[[ Stored data, beginning ]]

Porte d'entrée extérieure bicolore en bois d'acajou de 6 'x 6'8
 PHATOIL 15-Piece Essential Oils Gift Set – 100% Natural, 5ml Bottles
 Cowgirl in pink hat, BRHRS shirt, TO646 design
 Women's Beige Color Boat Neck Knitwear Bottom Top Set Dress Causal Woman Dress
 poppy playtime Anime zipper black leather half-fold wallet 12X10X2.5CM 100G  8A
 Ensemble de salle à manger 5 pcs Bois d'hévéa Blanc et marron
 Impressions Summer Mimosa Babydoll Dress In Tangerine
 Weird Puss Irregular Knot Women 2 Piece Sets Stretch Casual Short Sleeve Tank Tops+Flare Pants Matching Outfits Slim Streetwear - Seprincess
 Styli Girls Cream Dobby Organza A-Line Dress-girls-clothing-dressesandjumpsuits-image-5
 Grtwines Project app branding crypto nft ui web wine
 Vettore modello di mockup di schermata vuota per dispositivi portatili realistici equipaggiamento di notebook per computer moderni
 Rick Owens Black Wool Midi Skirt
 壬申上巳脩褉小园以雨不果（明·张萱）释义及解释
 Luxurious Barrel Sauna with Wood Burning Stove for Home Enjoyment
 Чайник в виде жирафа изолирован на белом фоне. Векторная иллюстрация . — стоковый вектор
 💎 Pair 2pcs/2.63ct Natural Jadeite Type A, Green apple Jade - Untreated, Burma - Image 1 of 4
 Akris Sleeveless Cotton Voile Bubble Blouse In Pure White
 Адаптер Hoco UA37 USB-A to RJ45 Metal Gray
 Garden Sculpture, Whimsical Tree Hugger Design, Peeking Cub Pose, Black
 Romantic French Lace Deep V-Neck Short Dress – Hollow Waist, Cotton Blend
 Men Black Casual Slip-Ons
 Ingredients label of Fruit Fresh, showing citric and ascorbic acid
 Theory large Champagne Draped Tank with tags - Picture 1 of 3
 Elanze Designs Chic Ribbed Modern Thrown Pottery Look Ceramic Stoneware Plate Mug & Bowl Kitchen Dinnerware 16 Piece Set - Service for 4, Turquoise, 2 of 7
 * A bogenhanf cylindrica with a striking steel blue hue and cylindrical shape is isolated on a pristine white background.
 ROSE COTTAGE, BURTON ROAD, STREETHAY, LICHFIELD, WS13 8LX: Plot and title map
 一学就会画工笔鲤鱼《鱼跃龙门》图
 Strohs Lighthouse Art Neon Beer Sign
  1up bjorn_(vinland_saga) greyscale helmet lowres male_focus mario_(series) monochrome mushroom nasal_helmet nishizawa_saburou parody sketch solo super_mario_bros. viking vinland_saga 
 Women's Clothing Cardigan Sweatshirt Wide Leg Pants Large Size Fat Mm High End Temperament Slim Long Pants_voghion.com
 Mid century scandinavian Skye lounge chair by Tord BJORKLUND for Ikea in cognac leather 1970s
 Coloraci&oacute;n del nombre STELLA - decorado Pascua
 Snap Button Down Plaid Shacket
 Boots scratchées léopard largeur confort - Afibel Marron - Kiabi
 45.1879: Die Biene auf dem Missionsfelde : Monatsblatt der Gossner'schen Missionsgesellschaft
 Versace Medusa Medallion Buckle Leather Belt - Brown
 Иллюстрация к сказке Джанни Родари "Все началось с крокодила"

[[ Stored data, end ]]

> Problem to solve: Print the material once more. Change nothing.

> Task result:
Porte d'entrée extérieure bicolore en bois d'acajou de 6 'x 6'8
 PHATOIL 15-Piece Essential Oils Gift Set – 100% Natural, 5ml Bottles
 Cowgirl in pink hat, BRHRS shirt, TO646 design
 Women's Beige Color Boat Neck Knitwear Bottom Top Set Dress Causal Woman Dress
 poppy playtime Anime zipper black leather half-fold wallet 12X10X2.5CM 100G  8A
 Ensemble de salle à manger 5 pcs Bois d'hévéa Blanc et marron
 Impressions Summer Mimosa Babydoll Dress In Tangerine
 Weird Puss Irregular Knot Women 2 Piece Sets Stretch Casual Short Sleeve Tank Tops+Flare Pants Matching Outfits Slim Streetwear - Seprincess
 Styli Girls Cream Dobby Organza A-Line Dress-girls-clothing-dressesandjumpsuits-image-5
 Grtwines Project app branding crypto nft ui web wine
 Vettore modello di mockup di schermata vuota per dispositivi portatili realistici equipaggiamento di notebook per computer moderni
 Rick Owens Black Wool Midi Skirt
 壬申上巳脩褉小园以雨不果（明·张萱）释义及解释
 Luxurious Barrel Sauna with Wood Burning Stove for Home Enjoyment
 Чайник в виде жирафа изолирован на белом фоне. Векторная иллюстрация . — стоковый вектор
 💎 Pair 2pcs/2.63ct Natural Jadeite Type A, Green apple Jade - Untreated, Burma - Image 1 of 4
 Akris Sleeveless Cotton Voile Bubble Blouse In Pure White
 Адаптер Hoco UA37 USB-A to RJ45 Metal Gray
 Garden Sculpture, Whimsical Tree Hugger Design, Peeking Cub Pose, Black
 Romantic French Lace Deep V-Neck Short Dress – Hollow Waist, Cotton Blend
 Men Black Casual Slip-Ons
 Ingredients label of Fruit Fresh, showing citric and ascorbic acid
 Theory large Champagne Draped Tank with tags - Picture 1 of 3
 Elanze Designs Chic Ribbed Modern Thrown Pottery Look Ceramic Stoneware Plate Mug & Bowl Kitchen Dinnerware 16 Piece Set - Service for 4, Turquoise, 2 of 7
 * A bogenhanf cylindrica with a striking steel blue hue and cylindrical shape is isolated on a pristine white background.
 ROSE COTTAGE, BURTON ROAD, STREETHAY, LICHFIELD, WS13 8LX: Plot and title map
 一学就会画工笔鲤鱼《鱼跃龙门》图
 Strohs Lighthouse Art Neon Beer Sign
  1up bjorn_(vinland_saga) greyscale helmet lowres male_focus mario_(series) monochrome mushroom nasal_helmet nishizawa_saburou parody sketch solo super_mario_bros. viking vinland_saga 
 Women's Clothing Cardigan Sweatshirt Wide Leg Pants Large Size Fat Mm High End Temperament Slim Long Pants_voghion.com
 Mid century scandinavian Skye lounge chair by Tord BJORKLUND for Ikea in cognac leather 1970s
 Coloraci&oacute;n del nombre STELLA - decorado Pascua
 Snap Button Down Plaid Shacket
 Boots scratchées léopard largeur confort - Afibel Marron - Kiabi
 45.1879: Die Biene auf dem Missionsfelde : Monatsblatt der Gossner'schen Missionsgesellschaft
 Versace Medusa Medallion Buckle Leather Belt - Brown
 Иллюстрация к сказке Джанни Родари "Все началось с крокодила"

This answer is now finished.